Palavras-chave: Brasil, Literatura, Geologia, Divulgação das
geociências.
Abstract: In the middle of the nineteenth century, even before the
establishment of the first courses on Mining and Geology in Brazil,
Machado de Assis, so called the Brazil’s Number One Author, proved
to be an enthusiast on geology. From 1873 to the early 1900’s, the
author’s novels and tales show a dozen of references to geological
and mineralogical subjects, as well as on physics, astronomy and
other natural sciences. Machado de Assis was, perhaps, the first
author using the term alluvium with the meaning of great amount of
“During this time the poet was taking an alluvium of paper out of his
pocket”, (Midnight Tales, 1873). While many authors have a restrict
knowledge on minerals and gems, Machado de Assis does not restrict
himself to mentioning just the classic diamonds, emeralds and rubies.
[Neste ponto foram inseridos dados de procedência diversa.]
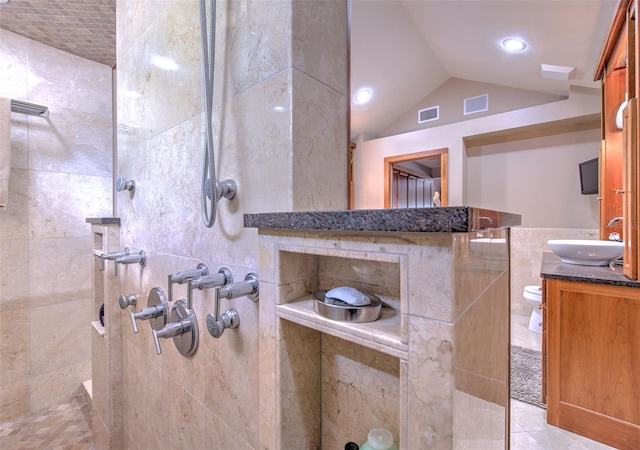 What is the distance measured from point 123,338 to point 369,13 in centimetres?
284

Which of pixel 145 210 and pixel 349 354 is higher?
pixel 145 210

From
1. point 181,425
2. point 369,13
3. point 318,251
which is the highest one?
point 369,13

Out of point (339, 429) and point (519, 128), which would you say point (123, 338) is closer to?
point (339, 429)

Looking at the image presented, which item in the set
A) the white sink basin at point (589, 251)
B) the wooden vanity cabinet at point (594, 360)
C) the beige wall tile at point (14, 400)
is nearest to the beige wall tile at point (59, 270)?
the beige wall tile at point (14, 400)

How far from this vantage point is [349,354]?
24.7 inches

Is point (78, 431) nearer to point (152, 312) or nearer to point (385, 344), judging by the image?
point (152, 312)

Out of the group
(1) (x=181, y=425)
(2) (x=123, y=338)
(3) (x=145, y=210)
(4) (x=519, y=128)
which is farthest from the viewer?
(4) (x=519, y=128)

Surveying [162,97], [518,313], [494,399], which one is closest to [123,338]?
[162,97]

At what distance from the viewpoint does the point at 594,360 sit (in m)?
1.50

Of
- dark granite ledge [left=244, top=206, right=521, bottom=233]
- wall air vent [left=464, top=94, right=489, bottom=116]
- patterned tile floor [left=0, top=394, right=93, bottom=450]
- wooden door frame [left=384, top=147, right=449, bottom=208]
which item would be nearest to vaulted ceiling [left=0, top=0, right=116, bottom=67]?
dark granite ledge [left=244, top=206, right=521, bottom=233]

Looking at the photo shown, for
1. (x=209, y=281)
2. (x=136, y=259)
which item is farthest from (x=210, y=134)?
(x=136, y=259)

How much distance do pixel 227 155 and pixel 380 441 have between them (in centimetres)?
77

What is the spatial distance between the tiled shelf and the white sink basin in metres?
1.94

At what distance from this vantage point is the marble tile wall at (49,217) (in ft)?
5.90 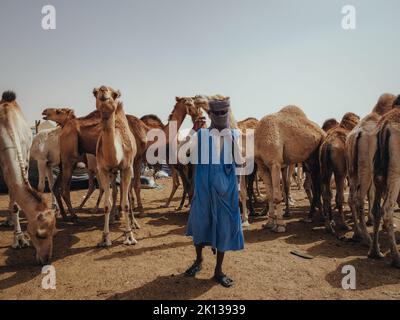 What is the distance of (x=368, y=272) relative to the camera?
4.79m

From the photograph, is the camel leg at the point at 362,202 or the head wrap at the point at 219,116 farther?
the camel leg at the point at 362,202

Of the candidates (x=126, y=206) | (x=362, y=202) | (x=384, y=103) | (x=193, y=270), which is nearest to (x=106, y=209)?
(x=126, y=206)

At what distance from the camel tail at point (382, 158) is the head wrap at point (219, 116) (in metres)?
2.49

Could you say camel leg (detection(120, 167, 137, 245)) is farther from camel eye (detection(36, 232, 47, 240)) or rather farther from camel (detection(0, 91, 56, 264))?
camel eye (detection(36, 232, 47, 240))

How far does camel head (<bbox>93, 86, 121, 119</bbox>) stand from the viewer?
5.56 meters

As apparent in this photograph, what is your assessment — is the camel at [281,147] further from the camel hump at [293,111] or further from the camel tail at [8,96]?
the camel tail at [8,96]

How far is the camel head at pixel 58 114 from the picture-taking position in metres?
9.07

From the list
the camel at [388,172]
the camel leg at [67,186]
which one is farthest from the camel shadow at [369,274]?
the camel leg at [67,186]

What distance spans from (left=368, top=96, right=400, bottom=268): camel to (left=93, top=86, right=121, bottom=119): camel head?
4341mm

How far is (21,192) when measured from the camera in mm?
5188

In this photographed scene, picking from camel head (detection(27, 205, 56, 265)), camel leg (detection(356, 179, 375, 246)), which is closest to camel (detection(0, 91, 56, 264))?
camel head (detection(27, 205, 56, 265))

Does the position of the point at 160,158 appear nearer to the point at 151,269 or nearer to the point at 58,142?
the point at 58,142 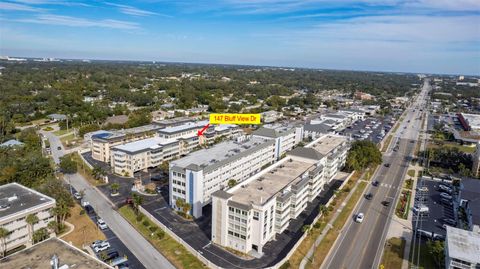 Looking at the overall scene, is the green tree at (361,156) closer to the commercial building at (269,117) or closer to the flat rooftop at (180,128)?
the flat rooftop at (180,128)

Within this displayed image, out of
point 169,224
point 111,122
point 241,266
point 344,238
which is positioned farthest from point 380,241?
point 111,122

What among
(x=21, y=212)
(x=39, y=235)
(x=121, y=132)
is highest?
(x=121, y=132)

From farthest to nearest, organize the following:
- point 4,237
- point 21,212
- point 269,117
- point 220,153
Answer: point 269,117, point 220,153, point 21,212, point 4,237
In his works we can easily find abundant reference to less common
minerals in literature such as opals, garnet and adular moonstone. It
is so beautiful the way he reinforces sapphire as a mineral instead of
the commonest reference as precious stone “… where the robe was
closed by a small brooch of sapphire. A button of the same mineral
closed in each wrist the narrow sleeves” (The hand and the glove,
1887). In many other novels, Machado de Assis exhibits his erudition
on mineralogy and geology, but none like in Assis’ bestseller, The
posthumous memoirs of Bras Cubas (1881), where he compares Mr.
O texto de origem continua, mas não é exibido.